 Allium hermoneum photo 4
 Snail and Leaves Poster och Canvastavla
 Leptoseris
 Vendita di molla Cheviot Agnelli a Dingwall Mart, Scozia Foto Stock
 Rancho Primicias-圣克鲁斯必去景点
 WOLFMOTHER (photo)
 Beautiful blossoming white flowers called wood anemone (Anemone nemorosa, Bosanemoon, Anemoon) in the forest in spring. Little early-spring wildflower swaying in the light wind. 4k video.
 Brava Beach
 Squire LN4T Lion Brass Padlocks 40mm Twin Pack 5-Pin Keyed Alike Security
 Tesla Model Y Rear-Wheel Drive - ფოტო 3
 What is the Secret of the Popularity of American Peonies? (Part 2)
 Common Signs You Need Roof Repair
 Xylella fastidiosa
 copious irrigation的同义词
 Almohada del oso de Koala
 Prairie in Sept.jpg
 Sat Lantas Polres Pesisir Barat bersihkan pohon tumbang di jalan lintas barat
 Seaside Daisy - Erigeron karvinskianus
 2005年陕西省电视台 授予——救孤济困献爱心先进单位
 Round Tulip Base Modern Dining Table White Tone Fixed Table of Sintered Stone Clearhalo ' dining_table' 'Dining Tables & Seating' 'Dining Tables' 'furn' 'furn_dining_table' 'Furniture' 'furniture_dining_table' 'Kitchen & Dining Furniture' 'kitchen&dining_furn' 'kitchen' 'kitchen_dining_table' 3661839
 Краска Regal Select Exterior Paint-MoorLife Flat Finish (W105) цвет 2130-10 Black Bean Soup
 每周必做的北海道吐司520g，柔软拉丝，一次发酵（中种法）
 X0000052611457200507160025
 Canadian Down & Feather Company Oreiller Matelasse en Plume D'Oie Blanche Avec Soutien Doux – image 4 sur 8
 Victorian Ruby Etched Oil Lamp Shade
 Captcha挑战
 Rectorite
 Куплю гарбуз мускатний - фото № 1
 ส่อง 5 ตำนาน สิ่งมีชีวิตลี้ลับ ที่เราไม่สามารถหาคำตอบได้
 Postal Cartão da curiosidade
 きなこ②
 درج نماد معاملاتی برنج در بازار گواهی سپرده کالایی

★ ★ ★ ★

Copy exactly the line that contains "Sat Lantas Polres" and all lines after it in the listing above, through the final line, and nothing else.

• SOLUTION TO THIS EXERCISE
 Sat Lantas Polres Pesisir Barat bersihkan pohon tumbang di jalan lintas barat
 Seaside Daisy - Erigeron karvinskianus
 2005年陕西省电视台 授予——救孤济困献爱心先进单位
 Round Tulip Base Modern Dining Table White Tone Fixed Table of Sintered Stone Clearhalo ' dining_table' 'Dining Tables & Seating' 'Dining Tables' 'furn' 'furn_dining_table' 'Furniture' 'furniture_dining_table' 'Kitchen & Dining Furniture' 'kitchen&dining_furn' 'kitchen' 'kitchen_dining_table' 3661839
 Краска Regal Select Exterior Paint-MoorLife Flat Finish (W105) цвет 2130-10 Black Bean Soup
 每周必做的北海道吐司520g，柔软拉丝，一次发酵（中种法）
 X0000052611457200507160025
 Canadian Down & Feather Company Oreiller Matelasse en Plume D'Oie Blanche Avec Soutien Doux – image 4 sur 8
 Victorian Ruby Etched Oil Lamp Shade
 Captcha挑战
 Rectorite
 Куплю гарбуз мускатний - фото № 1
 ส่อง 5 ตำนาน สิ่งมีชีวิตลี้ลับ ที่เราไม่สามารถหาคำตอบได้
 Postal Cartão da curiosidade
 きなこ②
 درج نماد معاملاتی برنج در بازار گواهی سپرده کالایی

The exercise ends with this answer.